REQUIREMENT: Copy nothing but the text: reproduce each line of the listing exactly and leave the pictures out.

DATASET EXCERPT:
^^^^^^^^^^^^^^^^

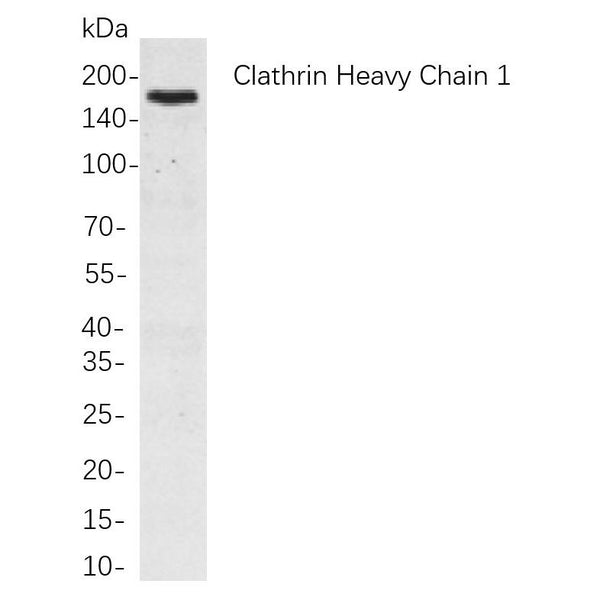 U-Blot® Tuberin Rabbit Monoclonal Antibody – Figure 1 of 1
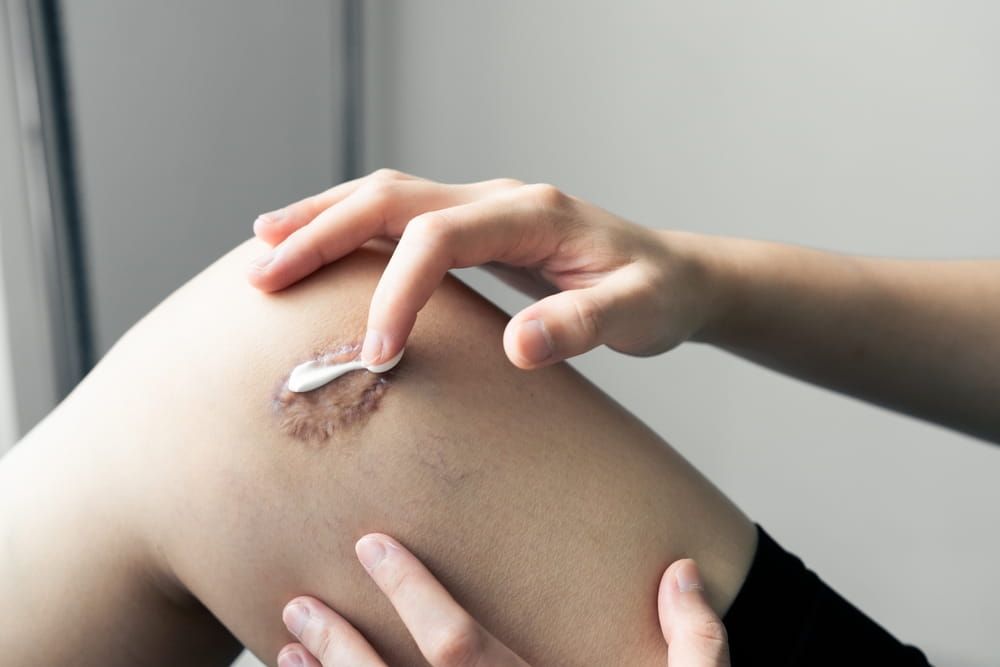 The image highlights self-care, medication application, and skin healing processes for injuries or scars.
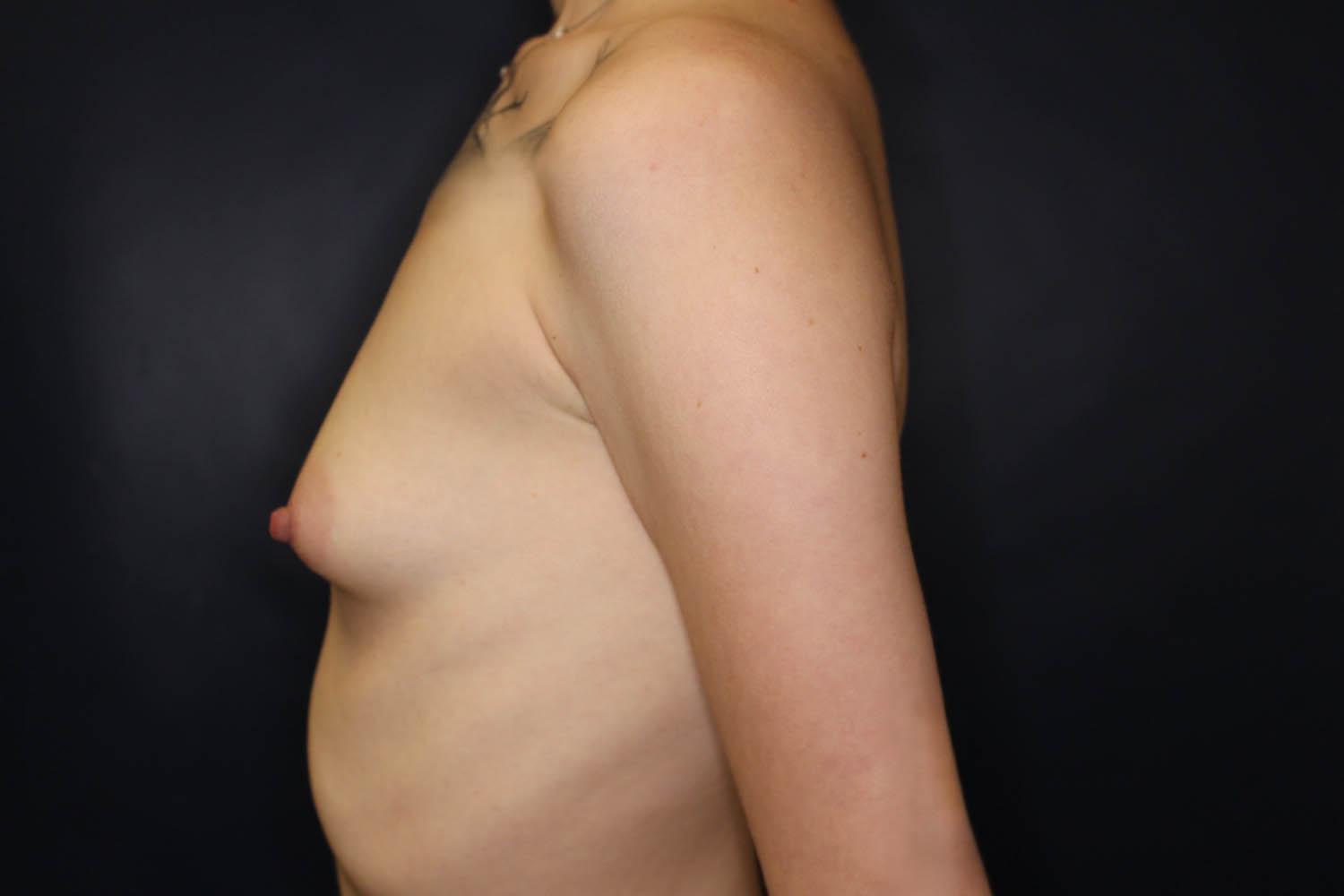 Breast Augmentation with Lift Before & After Image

^^^^^^^^^^^^^^^^

EXERCISE OUTPUT:
 U-Blot® Tuberin Rabbit Monoclonal Antibody – Figure 1 of 1
 The image highlights self-care, medication application, and skin healing processes for injuries or scars.
 Breast Augmentation with Lift Before & After Image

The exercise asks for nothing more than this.